◆ **DATA TO USE**
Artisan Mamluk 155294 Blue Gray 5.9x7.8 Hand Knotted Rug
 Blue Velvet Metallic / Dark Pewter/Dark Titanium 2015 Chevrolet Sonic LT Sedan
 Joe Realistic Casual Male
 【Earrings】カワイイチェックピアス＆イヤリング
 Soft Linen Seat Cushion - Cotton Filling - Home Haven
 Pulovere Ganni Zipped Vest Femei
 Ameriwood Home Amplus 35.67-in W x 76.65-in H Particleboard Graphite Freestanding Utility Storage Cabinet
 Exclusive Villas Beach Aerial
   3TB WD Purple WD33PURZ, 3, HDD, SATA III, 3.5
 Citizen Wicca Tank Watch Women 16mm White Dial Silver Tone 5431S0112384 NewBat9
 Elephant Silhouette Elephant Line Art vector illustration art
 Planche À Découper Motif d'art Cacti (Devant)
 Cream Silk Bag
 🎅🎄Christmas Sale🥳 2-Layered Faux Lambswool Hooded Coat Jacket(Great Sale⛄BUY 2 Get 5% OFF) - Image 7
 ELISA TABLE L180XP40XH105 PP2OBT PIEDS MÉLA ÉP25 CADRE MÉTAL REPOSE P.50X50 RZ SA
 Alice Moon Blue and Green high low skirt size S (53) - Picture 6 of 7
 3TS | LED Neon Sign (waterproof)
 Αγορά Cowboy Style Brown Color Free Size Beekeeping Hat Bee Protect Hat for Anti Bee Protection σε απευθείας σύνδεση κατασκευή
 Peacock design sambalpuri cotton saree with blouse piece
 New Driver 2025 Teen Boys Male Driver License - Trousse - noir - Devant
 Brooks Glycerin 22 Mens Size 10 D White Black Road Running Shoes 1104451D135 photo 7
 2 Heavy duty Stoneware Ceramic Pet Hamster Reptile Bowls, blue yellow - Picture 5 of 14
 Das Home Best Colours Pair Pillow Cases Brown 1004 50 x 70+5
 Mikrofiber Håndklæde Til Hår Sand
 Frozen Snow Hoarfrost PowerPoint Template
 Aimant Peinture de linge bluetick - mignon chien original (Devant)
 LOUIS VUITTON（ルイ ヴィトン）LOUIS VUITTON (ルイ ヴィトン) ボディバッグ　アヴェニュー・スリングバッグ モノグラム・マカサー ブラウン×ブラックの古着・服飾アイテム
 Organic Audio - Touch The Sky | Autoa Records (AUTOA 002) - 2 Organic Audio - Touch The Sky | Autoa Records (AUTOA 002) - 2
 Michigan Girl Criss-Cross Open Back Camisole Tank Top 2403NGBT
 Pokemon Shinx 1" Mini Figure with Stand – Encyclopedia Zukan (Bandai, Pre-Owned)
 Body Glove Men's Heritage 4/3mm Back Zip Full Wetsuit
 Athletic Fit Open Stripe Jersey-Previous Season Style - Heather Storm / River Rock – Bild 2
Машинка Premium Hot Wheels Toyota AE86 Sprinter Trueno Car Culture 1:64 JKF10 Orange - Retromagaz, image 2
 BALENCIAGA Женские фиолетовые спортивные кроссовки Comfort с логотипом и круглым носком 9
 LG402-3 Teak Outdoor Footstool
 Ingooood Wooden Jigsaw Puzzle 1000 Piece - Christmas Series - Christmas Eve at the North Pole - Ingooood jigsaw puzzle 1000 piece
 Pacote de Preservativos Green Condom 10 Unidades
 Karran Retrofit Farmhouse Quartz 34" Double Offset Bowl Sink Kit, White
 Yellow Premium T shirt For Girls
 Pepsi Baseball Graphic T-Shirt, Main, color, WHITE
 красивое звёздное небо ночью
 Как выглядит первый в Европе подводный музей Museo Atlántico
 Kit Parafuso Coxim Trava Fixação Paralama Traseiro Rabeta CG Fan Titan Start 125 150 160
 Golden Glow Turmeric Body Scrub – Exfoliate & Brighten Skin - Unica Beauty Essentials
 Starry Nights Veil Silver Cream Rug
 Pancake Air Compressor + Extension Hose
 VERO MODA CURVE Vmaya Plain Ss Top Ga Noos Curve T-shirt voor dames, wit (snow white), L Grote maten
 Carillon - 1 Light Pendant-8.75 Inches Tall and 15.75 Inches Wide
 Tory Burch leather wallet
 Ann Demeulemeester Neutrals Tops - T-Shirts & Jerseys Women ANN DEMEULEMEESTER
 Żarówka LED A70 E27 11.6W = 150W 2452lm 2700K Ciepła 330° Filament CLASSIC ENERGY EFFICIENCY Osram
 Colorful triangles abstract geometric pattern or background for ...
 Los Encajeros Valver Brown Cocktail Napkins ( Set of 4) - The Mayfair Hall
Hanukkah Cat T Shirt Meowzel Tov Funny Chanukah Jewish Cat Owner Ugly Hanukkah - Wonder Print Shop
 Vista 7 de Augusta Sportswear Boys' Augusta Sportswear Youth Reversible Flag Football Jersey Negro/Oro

◆ **EXERCISE OBJECTIVE**
Only the lines from the opening of the material through the line with "LOUIS VUITTON（ルイ ヴィトン）LOUIS" should be echoed, exactly as written.

◆ **EXPECTED ANSWER**
Artisan Mamluk 155294 Blue Gray 5.9x7.8 Hand Knotted Rug
 Blue Velvet Metallic / Dark Pewter/Dark Titanium 2015 Chevrolet Sonic LT Sedan
 Joe Realistic Casual Male
 【Earrings】カワイイチェックピアス＆イヤリング
 Soft Linen Seat Cushion - Cotton Filling - Home Haven
 Pulovere Ganni Zipped Vest Femei
 Ameriwood Home Amplus 35.67-in W x 76.65-in H Particleboard Graphite Freestanding Utility Storage Cabinet
 Exclusive Villas Beach Aerial
   3TB WD Purple WD33PURZ, 3, HDD, SATA III, 3.5
 Citizen Wicca Tank Watch Women 16mm White Dial Silver Tone 5431S0112384 NewBat9
 Elephant Silhouette Elephant Line Art vector illustration art
 Planche À Découper Motif d'art Cacti (Devant)
 Cream Silk Bag
 🎅🎄Christmas Sale🥳 2-Layered Faux Lambswool Hooded Coat Jacket(Great Sale⛄BUY 2 Get 5% OFF) - Image 7
 ELISA TABLE L180XP40XH105 PP2OBT PIEDS MÉLA ÉP25 CADRE MÉTAL REPOSE P.50X50 RZ SA
 Alice Moon Blue and Green high low skirt size S (53) - Picture 6 of 7
 3TS | LED Neon Sign (waterproof)
 Αγορά Cowboy Style Brown Color Free Size Beekeeping Hat Bee Protect Hat for Anti Bee Protection σε απευθείας σύνδεση κατασκευή
 Peacock design sambalpuri cotton saree with blouse piece
 New Driver 2025 Teen Boys Male Driver License - Trousse - noir - Devant
 Brooks Glycerin 22 Mens Size 10 D White Black Road Running Shoes 1104451D135 photo 7
 2 Heavy duty Stoneware Ceramic Pet Hamster Reptile Bowls, blue yellow - Picture 5 of 14
 Das Home Best Colours Pair Pillow Cases Brown 1004 50 x 70+5
 Mikrofiber Håndklæde Til Hår Sand
 Frozen Snow Hoarfrost PowerPoint Template
 Aimant Peinture de linge bluetick - mignon chien original (Devant)
 LOUIS VUITTON（ルイ ヴィトン）LOUIS VUITTON (ルイ ヴィトン) ボディバッグ　アヴェニュー・スリングバッグ モノグラム・マカサー ブラウン×ブラックの古着・服飾アイテム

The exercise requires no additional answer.